Exercise inputs

◇ ◇ ◇ ◇ ◇

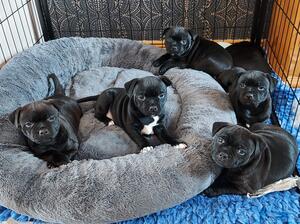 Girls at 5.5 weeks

◇ ◇ ◇ ◇ ◇

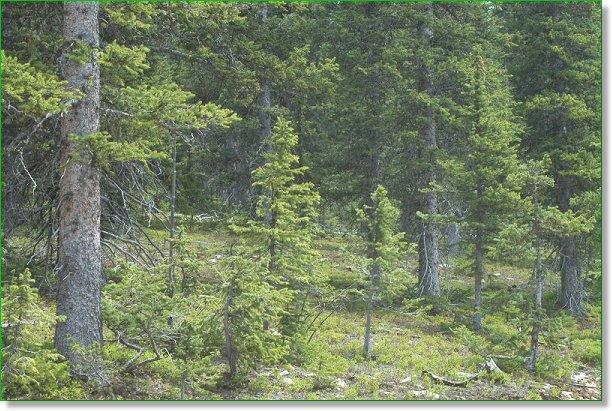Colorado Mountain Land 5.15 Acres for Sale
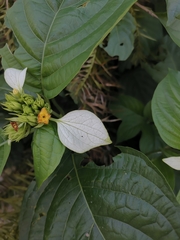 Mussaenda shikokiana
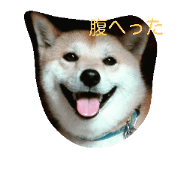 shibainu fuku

◇ ◇ ◇ ◇ ◇

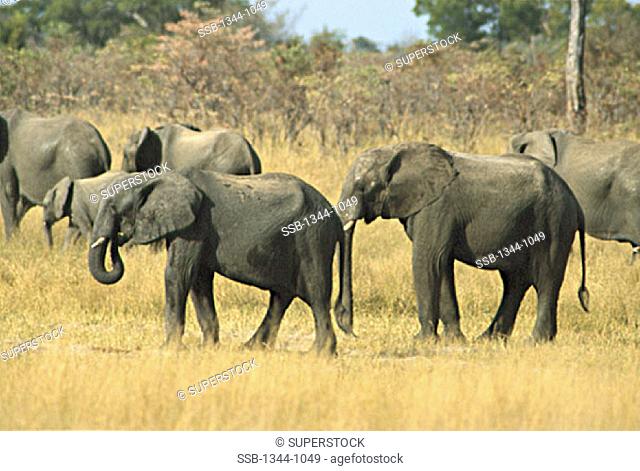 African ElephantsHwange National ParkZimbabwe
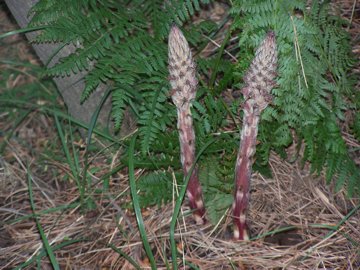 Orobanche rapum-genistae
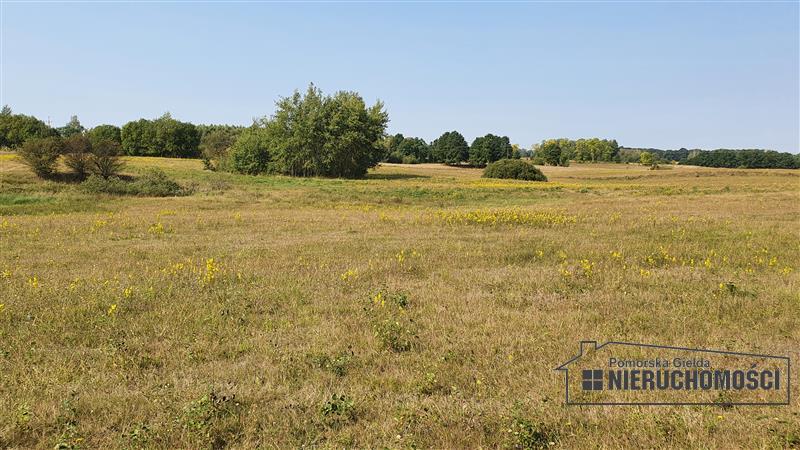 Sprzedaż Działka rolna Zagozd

◇ ◇ ◇ ◇ ◇

Task objective
Up in the listing, locate the line with "Orobanche rapum-genistae"; print it and every line after it down to the line with "Sprzedaż Działka rolna Zagozd", which is included too. Skip the pictures.

Result of the exercise
 Orobanche rapum-genistae
 Sprzedaż Działka rolna Zagozd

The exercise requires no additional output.